[What is being asked]: For the word "from", count the lines below that contain it. Give the number alone.

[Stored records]
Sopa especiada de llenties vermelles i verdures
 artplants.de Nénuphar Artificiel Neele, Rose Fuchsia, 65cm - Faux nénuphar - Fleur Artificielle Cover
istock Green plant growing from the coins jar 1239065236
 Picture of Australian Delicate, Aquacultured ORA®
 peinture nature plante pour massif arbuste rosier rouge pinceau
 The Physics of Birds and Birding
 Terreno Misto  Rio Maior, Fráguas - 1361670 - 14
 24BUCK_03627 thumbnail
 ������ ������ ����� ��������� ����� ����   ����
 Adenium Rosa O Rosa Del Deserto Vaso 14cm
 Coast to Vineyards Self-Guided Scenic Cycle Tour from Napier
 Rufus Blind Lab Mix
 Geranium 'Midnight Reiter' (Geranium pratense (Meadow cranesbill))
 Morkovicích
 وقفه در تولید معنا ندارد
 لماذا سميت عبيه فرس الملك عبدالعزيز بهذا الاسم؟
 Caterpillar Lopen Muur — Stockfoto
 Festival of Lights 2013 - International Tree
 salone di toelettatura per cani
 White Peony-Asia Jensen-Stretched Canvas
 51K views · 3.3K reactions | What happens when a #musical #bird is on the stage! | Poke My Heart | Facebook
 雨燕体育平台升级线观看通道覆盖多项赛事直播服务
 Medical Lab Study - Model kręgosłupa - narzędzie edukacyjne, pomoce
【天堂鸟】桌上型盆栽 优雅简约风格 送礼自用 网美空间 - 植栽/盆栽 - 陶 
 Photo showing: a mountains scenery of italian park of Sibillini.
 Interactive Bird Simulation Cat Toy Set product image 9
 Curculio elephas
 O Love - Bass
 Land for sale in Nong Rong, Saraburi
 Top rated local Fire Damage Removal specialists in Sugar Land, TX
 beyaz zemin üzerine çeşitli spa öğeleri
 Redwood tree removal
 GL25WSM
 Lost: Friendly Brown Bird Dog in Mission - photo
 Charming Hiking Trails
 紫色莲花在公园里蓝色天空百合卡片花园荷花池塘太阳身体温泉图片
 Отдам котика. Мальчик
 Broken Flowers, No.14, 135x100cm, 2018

[Response to the exercise]: 2